This could be a good thing to come out of FB.


----------



## blam (Feb 18, 2011)

watched it this morning as it was all over the radio... very interesting stuff.


----------



## sulphur (Jun 2, 2011)

This is raising awareness. There are 1.3 million likes on the FB page.

Sorry if this spoils your FB experience, but I can't see this as being a bad thing.

If this scumbag does end up being brought down, is that so bad?


----------



## blam (Feb 18, 2011)

it seems i failed to read the OP.

to the OP, if you're sick of seeing it on facebook, don't go on facebook. I have seen this posted 2x today. here and on another forum I frequent. 

I stopped using facebook for similar reasons. I got sick of seeing stuff I didn't care about. simple solution if you ask me.

now you are complaining about seeing this posted on facebook and you go and post about it on a public forum...is that any diffferent? I think not.


----------



## cheezyridr (Jun 8, 2009)

mike_oxbig said:


> Damnit he probably stole my unicef money too, that bastard!


i lol'd. no matter what anyone says one way or the other, that part was funny.


----------



## keto (May 23, 2006)

As a non-facebooker, I lasted about a minute and a half. There was nothing yet about the subject matter. I bailed.


----------



## 10409 (Dec 11, 2011)

blam said:


> it seems i failed to read the OP.
> 
> to the OP, if you're sick of seeing it on facebook, don't go on facebook. I have seen this posted 2x today. here and on another forum I frequent.
> 
> ...


After giving it some thought, It's not this incident in particular that's bothering me, it's every stupid little dramatic trend that gets a few days of recognition that people think will be the end of the world if someone doesn't do something, but nobody wants to do anything except pass on the message that someone should do something.

Today it's an african terrorist group that kidnaps children to use as soldiers. millions of people are rallying behind the cause of funding an african army to wipe out a different african army (which was already established is mostly children...way to think that through, people of the internet). before that it was sopa, or some dramatic kid with flash cards and sad music talking about bullying, or occupy wall street. These are only examples from very recent memory. Maybe your internet circles aren't quite as avidly supportive of the cause of the week but i've literally seen a hundred people post about it today. people i grew up with, people i KNOW don't give a shit beyond drooling while saying "durrrr, bad stuff is bad, m'kay"

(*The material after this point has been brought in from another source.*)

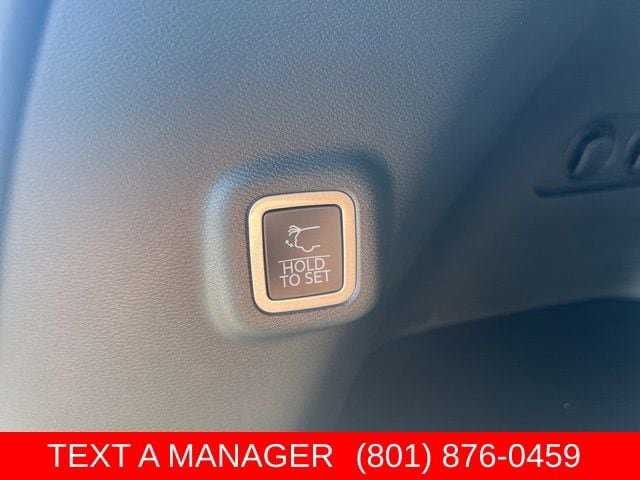 New 2026 Jeep Cherokee Limited AWD/4WD image 12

Social media has made it so pathetically easy to ostensibly support a cause without any effort whatsoever that everyone has become a doomsday crier. 

Maybe you're right...i should probably just not use facebook, because it's making me want to sheer the wool off of the people i grew up with, knit it into a sock, fill the sock with oranges and beat the shit out of them with it.


----------



## fredyfreeloader (Dec 11, 2010)

mike_oxbig
Social media has made it so pathetically easy to ostensibly support a cause without any effort whatsoever that everyone has become a doomsday crier.
Maybe you're right...i should probably just not use facebook said:


> I agree about the social media thats why I don't do Facebook. I do like your solution though it fits my way of thinking and at least you could make Orange juice when you where finished.


----------



## hardasmum (Apr 23, 2008)

mike_oxbig said:


> blam said:
> 
> 
> > it seems i failed to read the OP.
> ...


I see your point but to blame social media? 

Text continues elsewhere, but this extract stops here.